Sharia-compliant factoring arrangements have been successfully
implemented and there is a growing interest in Islamic risk
management (using the IIFM/ISDA Master Tahawwut Agreement) and
structured investment products. Risk management tools in
particular are assisting the Sharia-compliant market to mature and
to mitigate the risk profile of issuers – something that was
not previously the case. Developments have also been seen
within the traditional fields of Sukuk evidenced by the growth of
"Project Sukuk" (notably that issued by Sadara to fund
the joint venture between Saudi Aramco and Dow Chemical) and
infrastructure Sukuk (notably that issued by the MRT in Malaysia to
fund expansion to the Kuala Lumpur metro) which are linked to, and
intended to fund, long-term development projects.
It is perhaps worth considering why new structures and asset
classes are appearing to support Islamic finance offerings.

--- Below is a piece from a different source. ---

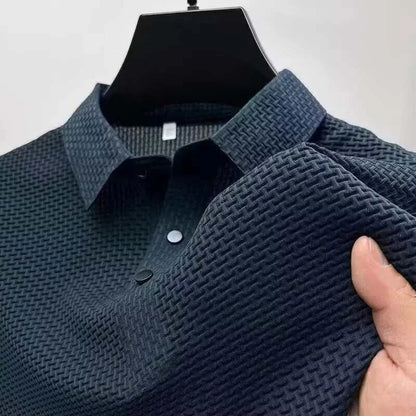 Men's Bone Flower Solid Color Polo Shirt Business Casual Short Sleeve The Plug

The reason for this may be quite simple: as industry professionals
gain an increased understanding of the requirements of the Sharia,
scholars have gained greater freedom to turn their attention to new
structures and asset classes. The growing understanding of
industry professionals is in turn helping to drive this process
forward through the development of more sophisticated products and
new asset classes to present to scholars for their
consideration. This should bring greater diversity to the
investment opportunities within the Islamic sphere and create
opportunities for issuers and investors that have not previously
considered Islamic finance as a means to raise capital.

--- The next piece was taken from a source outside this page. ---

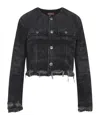 Diesel De-graffy Cropped Denim Jacket In Black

It is important to note that Islamic financing techniques are not
limited solely to Sharia-compliant companies or investors. In
fact, it is estimated that two-thirds of Sukuk issued are purchased
by conventional investors and there is nothing to suggest that
broker/dealers treat Sukuk any differently to how they treat
conventional bonds. Certain types of company – those
that are involved in Haram (forbidden) activities –
are naturally excluded from Islamic finance; but for most others
there is no restriction. It should also be noted that there
is nothing in the Sharia that says that the making of profit is
forbidden; it merely restricts the means by which such profit may
be made. Conventional investors have become ever-more
comfortable with the contractual arrangements and economic returns
available within Islamic structures. The development of the
Islamic financial market and industry professionals operating
within it has led to a reduction in the costs associated with
structuring and documenting Sharia-compliant products, adding to
the benefits of more attractive yields driven by pent-up
demand. All of these factors may encourage more companies to
look to Sharia-compliant methods of financing.
Perhaps the biggest fillip for the industry has come with the
announcement that the UK government intends to issue a Sukuk by
2015. Whilst the UK government won't be the first
government in Europe to issue Sukuk (Saxony-Anhalt was in 2005) it
will be the largest and most significant to date. The
projected issue size may be relatively small (estimated at
£200m) for a government issuance, but it nevertheless
illustrates the commitment of the UK to develop Islamic finance
beyond its traditional jurisdictions and to encourage other UK
companies to consider Islamic finance as a viable option in the
future. In order to do so, companies may need to be creative
in identifying assets to be utilised within a particular Islamic
structure but, as we have seen above, the ground-work has been
laid.
As the Islamic finance industry continues to develop and confidence
returns to the world economy more generally, there are many
opportunities for issuers to raise capital by Sharia-compliant
means. Whether this occurs through Sukuk issuance or by other
Sharia-compliant structures any potential issuer will need to be
able to identify assets that will underpin the structure
selected. Greater creativity and a deeper understanding of
Islamic finance by industry professionals should enable potential
issuers to identify asset classes that they had not previously
considered and therefore allow them to give serious consideration
to Sharia-compliant funding opportunities.